In January 2021, Orangetown had issued an RFEI for a developer to transform the campus. The RFEI came in the wake of HNA’s failed attempt to sell the property to a Brooklyn developer who had offered $40 million but did not successfully raise funds to close the deal.

Kitching is a real estate broker for Douglas Elliman and James Pelayo is a house builder. Kitching, director of the Douglas Elliman Estates Division, sells high-end houses in California and Pelayo, of Sunia Homes, is a small-scale developer of ultra-modern environmentally-efficient houses, also in California.

The pair originally said the team included New Valley Realty, a real estate investment subsidiary of New Valley LLC, a wholly owned subsidiary of Vector Group Ltd (NYSE: VGR). Run by CEO Howard M. Lorber, New Valley invests in renovations, conversions of office and rental properties to condominiums, underperforming assets, land development and sales, resort and urban hotels, core rental buildings. However, financier Lorber is no longer part of the team. Officials say the California-based developers have found new sources of funding for the ambitious project.

With more than $400 million in sales, Kitching has represented properties designed by influential architects, including A. Quincy Jones, John Lautner, Marmol-Radziner, Charles Ward, Lorcan O’Herlihy, Thom Mayne, Ted Tokio Tanaka and Rodney Walker, according to his online bio. He has been ranked among the top 100 agents in Los Angeles by sales volume as reported by REAL Trends.

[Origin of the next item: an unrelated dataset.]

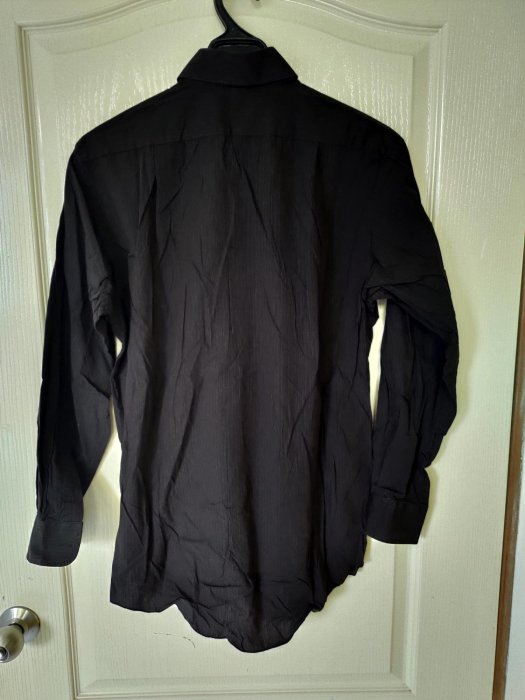 ［99go］ Pierre Cardin 黑色暗紅色 直條紋 純棉襯衫  39號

In 2003, Pelayo built his first Sunia House in Echo Park California — 2,000 square feet and packed with green features like solar panels, greywater system, rainwater harvesting, and a stove that burns wood pellets. The three-bedroom, two-bathroom house took four months to build and cost $350,000.

Pelayo turned that self-taught experience into a template for developing Sunia Homes in other urban areas. Sunia Homes are built to make environmentally-sound communities using low water, little waste, and food grown on site.

Pelayo is also listed as “architect” on Cornell Farms in the Town of LaGrange in Dutchess County, a redevelopment project that proposes 55 clustered single-family, environmentally-built houses and a farm-to-table restaurant, farm shops, a creamery, and brewery/cidery with 166 parking spaces.

For Cornell Farms, Pelayo has teamed with Tom Lee, a hedge fund manager, who purchased the 182 acres in 2019 for $2.4 million. The plan has been pending for 18 months before the Town of LaGrange planning board, The developers have received a negative declaration on their SEQRA application, but there has been little activity on that pending application.

“It’s been a long road for sure and HNA has not made it easy, but I am hopeful we are in the home stretch,” said Teresa Kenny.